[MATERIAL FOR THE TASK Boundary: Start]

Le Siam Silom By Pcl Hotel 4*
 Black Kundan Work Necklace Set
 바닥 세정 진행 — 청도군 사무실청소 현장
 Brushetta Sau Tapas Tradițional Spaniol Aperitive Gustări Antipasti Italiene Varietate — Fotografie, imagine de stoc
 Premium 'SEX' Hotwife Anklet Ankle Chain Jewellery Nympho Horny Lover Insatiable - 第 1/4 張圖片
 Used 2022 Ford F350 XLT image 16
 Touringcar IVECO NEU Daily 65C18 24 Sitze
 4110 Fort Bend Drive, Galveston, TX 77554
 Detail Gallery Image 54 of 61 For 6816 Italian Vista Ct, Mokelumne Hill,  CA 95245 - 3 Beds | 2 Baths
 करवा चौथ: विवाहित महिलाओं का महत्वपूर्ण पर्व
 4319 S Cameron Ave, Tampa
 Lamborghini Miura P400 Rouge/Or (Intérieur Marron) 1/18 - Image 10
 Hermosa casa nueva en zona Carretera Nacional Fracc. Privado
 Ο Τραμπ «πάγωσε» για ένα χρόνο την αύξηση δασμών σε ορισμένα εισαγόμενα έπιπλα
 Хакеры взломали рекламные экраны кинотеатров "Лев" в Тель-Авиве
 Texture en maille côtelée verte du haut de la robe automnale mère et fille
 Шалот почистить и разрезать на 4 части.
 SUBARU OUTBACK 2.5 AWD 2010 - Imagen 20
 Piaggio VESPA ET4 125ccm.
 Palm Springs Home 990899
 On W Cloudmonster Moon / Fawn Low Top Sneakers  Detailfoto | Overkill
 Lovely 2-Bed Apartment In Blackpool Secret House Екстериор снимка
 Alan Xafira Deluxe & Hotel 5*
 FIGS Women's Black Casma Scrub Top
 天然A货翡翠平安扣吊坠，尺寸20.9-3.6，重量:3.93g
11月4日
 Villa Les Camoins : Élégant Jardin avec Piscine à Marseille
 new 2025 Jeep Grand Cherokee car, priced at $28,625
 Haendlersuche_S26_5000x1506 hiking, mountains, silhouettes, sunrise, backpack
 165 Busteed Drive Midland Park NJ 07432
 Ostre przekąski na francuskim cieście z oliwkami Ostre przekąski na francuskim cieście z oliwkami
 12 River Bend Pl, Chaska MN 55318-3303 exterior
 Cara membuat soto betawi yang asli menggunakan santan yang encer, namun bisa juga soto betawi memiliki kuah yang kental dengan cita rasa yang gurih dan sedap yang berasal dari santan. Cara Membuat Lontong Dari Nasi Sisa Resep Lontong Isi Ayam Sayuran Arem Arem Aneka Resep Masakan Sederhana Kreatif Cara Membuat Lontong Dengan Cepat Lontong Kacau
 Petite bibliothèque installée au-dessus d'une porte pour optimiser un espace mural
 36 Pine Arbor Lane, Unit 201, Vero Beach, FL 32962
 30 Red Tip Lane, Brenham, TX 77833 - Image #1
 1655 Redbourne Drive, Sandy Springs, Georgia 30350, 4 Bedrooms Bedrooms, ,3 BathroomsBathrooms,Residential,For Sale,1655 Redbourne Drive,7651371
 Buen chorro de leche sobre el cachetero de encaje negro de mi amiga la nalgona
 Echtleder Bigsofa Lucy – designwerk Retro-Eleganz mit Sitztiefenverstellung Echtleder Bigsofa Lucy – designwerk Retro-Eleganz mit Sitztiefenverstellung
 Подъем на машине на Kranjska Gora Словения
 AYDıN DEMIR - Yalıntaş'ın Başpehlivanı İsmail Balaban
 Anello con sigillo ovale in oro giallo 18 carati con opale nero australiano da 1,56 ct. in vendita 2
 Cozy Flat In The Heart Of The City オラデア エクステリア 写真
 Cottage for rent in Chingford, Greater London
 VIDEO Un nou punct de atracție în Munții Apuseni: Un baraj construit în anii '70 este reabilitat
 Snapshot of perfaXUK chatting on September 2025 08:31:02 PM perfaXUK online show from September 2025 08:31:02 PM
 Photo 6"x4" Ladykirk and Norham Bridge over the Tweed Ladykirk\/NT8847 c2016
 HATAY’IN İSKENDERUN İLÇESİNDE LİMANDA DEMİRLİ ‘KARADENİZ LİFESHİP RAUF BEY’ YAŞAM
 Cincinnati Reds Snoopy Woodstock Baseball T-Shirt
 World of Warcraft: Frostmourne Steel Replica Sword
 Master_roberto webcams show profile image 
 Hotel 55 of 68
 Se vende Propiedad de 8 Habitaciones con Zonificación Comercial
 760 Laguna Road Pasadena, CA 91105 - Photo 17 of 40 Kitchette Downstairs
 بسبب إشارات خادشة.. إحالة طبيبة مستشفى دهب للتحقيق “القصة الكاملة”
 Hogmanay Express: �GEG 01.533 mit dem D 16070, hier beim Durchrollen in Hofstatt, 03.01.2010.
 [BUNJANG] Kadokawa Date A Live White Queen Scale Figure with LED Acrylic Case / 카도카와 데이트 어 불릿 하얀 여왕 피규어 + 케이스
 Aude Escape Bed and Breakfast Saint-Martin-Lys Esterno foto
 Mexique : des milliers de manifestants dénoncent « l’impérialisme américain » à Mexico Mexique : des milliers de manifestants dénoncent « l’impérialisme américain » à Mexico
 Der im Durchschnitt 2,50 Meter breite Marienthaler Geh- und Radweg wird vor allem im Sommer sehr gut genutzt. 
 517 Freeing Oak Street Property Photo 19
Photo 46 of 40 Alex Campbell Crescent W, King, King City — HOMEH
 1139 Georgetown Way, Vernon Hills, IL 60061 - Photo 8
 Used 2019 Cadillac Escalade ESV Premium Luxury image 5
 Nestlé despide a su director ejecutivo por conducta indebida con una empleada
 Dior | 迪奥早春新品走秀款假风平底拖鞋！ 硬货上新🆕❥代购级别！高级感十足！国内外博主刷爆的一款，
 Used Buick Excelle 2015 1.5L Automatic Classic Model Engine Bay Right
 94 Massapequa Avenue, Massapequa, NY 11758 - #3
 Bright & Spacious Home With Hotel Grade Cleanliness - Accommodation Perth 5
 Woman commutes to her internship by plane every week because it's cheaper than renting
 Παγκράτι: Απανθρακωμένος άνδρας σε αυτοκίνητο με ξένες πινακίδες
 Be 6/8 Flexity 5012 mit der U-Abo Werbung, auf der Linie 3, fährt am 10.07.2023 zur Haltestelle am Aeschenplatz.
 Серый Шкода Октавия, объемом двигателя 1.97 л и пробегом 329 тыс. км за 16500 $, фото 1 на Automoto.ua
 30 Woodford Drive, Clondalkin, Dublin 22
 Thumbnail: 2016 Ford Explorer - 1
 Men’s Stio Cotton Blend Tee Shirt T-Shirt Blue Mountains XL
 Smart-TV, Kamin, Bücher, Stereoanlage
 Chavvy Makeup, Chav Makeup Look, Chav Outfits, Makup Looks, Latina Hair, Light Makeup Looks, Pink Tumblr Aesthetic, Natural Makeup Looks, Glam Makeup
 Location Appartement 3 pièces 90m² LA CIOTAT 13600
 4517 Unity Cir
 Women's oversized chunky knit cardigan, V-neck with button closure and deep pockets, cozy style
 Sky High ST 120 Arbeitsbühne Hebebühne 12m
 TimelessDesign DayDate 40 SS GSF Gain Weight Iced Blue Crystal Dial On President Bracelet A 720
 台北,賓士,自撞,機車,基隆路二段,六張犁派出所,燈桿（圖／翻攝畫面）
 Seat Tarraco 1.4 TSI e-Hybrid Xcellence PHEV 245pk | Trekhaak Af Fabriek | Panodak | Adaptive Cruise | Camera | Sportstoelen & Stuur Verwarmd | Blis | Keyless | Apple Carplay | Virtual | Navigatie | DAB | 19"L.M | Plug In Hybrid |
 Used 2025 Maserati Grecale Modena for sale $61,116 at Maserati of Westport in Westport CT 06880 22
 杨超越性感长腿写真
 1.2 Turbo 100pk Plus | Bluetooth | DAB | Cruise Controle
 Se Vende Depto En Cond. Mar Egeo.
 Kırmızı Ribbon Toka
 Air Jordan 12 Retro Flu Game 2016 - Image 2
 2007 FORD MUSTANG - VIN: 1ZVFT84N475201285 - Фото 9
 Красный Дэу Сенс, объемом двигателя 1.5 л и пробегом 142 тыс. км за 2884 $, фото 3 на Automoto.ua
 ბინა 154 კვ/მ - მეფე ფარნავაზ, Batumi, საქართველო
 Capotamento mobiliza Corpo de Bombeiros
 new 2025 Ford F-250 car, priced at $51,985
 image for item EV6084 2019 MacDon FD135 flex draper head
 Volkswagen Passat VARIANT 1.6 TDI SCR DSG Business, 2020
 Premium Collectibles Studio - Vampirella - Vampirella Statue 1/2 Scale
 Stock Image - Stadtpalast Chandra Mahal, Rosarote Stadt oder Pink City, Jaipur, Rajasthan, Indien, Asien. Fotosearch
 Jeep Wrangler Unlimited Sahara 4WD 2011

[MATERIAL FOR THE TASK Boundary: End]

Repeat only what lies between the first line of the data and the line containing "Used 2022 Ford F350 XLT image 16", both of those lines included, exactly as it stands.

» **EXERCISE RESULT**:
Le Siam Silom By Pcl Hotel 4*
 Black Kundan Work Necklace Set
 바닥 세정 진행 — 청도군 사무실청소 현장
 Brushetta Sau Tapas Tradițional Spaniol Aperitive Gustări Antipasti Italiene Varietate — Fotografie, imagine de stoc
 Premium 'SEX' Hotwife Anklet Ankle Chain Jewellery Nympho Horny Lover Insatiable - 第 1/4 張圖片
 Used 2022 Ford F350 XLT image 16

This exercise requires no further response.